BLAIR IS going – and should go – but his replacement as prime
minister by Gordon Brown, whether in the immediate or medium future,
will bring no relief to working-class people in this country.

Blair has more than outstayed his welcome, as opinion polls on
everything from the occupation of Iraq to education and the NHS show.
Yet, it will be a case of "meet the new boss, same as the old
boss" if Brown takes up the reins.

He has promised ‘no shift to the Left’ and to continue with New
Labour’s ‘scorched earth’ policy of handing over public services to
private companies. Brown’s assertion that New Labour needed renewing
shows how deep the mistrust of Blair’s government is.

Anyone who needed confirmation that Labour is the natural party of
big business need look no further than this week’s conference.

Prominent amongst the guest speakers will be CBI leader Digby Jones,
who will lecture union leaders and delegates that they should accept
public-sector pension cuts and how they should lie prostrate before the
incessant ‘modernisation’ (read privatisation) of public services.

At the conference itself delegates were "welcomed by widescreen
TVs rotating advertisements for Capita, Fujitsu and PwC" some of
the major companies who benefit from the privatisation of public
services.

How much longer union leaders can remain in denial about the true
character of New Labour being a pro-big business party in the face of
all this is an open question.

Until now, they have comforted themselves with the mantra of ‘Waiting
for Gordon’. But like Samuel Beckett’s play of a similar name, Waiting
for Godot, the punchline is that the person they are waiting for never
arrives.

The union leaders will get, however, not an ‘Old Labour’ Social
Democratic prime minister in the form of Gordon Brown, but a prime
minister who will be as "unremittingly New Labour" as Tony
Blair.
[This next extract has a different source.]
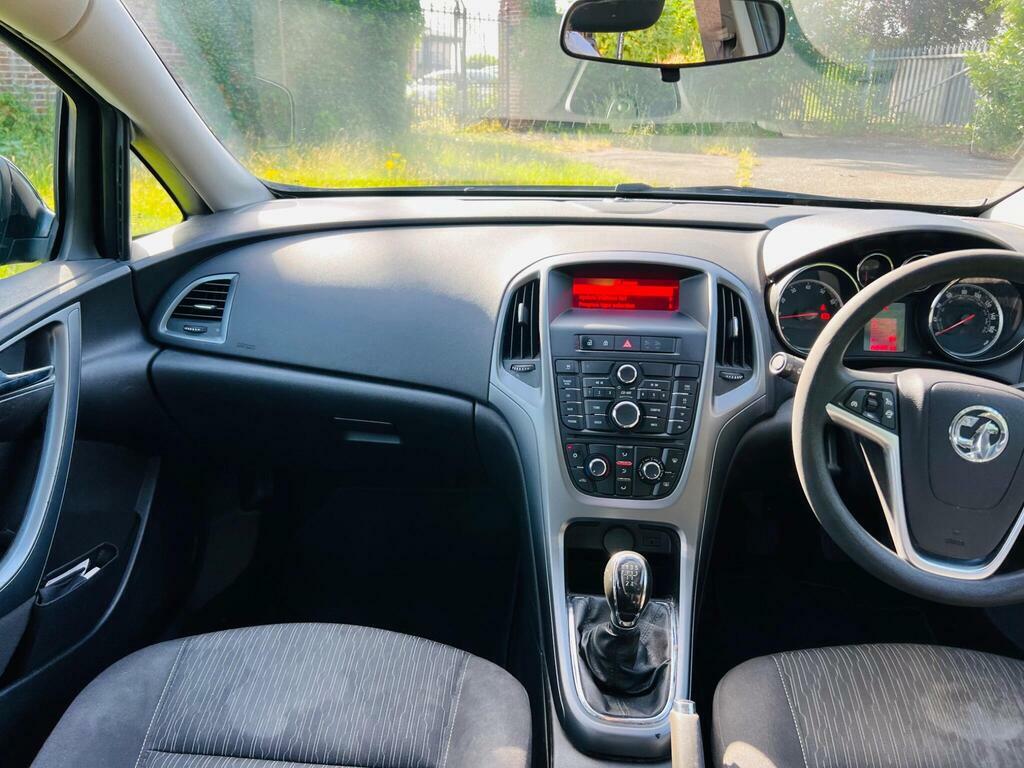 Vauxhall Astra Design Red #25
Brown has confirmed most brutally in recent weeks that Labour’s
real policy makers will continue to be Murdoch, Bush and the big
corporations not the Big Four union leaders.
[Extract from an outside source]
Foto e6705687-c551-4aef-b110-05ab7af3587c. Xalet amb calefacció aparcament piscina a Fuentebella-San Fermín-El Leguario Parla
Whatever resolutions the unions manage to get passed at this week’s
conference, it will not make a jot of difference to Blair or Brown. It
may show the disquiet and anger building up at Blair, but, contrary to
Amicus general secretary Derek Simpson’s claim, things will not be
different under Brown.

Renationalisation

Labour conference last year passed a priority motion calling for rail
renationalisation, which should have been included in the party’s
general election manifesto. But when the election came, rail
renationalisation was nowhere to be seen as a policy commitment.
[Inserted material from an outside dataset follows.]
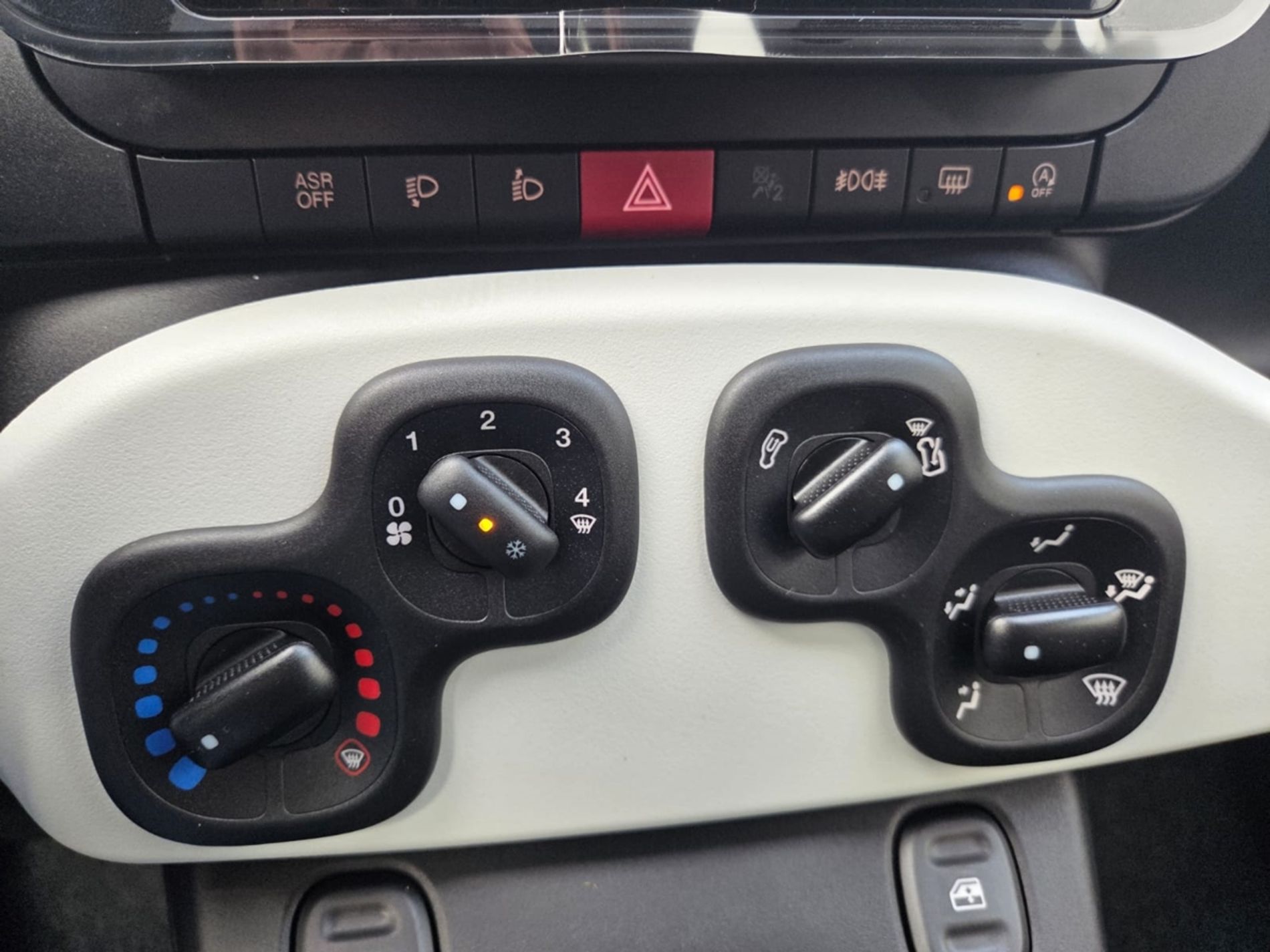 CROSS 1.0 hybrid 70cv 5p.ti - Gallotti Auto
Some of the Left, still clinging on to the wreckage of Labour,
believe they can set about reclaiming it more effectively with Blair
gone. They say that Labour membership dropping by a quarter of a million
under Blair in the last eight years, due to disillusion with his
policies on Iraq and domestically, makes it easier for ‘fresh’ forces to
go in and reclaim it.

Yet, those who remain in the Labour Party are, with a few exceptions,
likely to be the most ardent Blairites, clinging on to the party machine
to maintain their careers as New Labour politicians. The Labour
Representation Committee (which wants a return to ‘real Labour’) claims
to have only 500 members and admit, if pressed, that they cannot find
the numbers of enthusiastic trade unionists to go in and reclaim the
party. Furthermore, the structures no longer allow party members to
effect change in the party, leaving the leadership with an iron grip
over everything.

Railworkers’ leader, Bob Crow correctly says Labour is no longer a
party that represents working people and trade unionists.

But, Bob Crow, and other union leaders, as well as the shop stewards
and activists in the trade unions, must draw a decisive conclusion from
this. That is, they need to call a genuine, representative conference of
trade unionists, community activists and young people to discuss how to
begin establishing a new party to further the struggles of working-class
people against the neo-liberal assaults of Bush, Blair or Brown.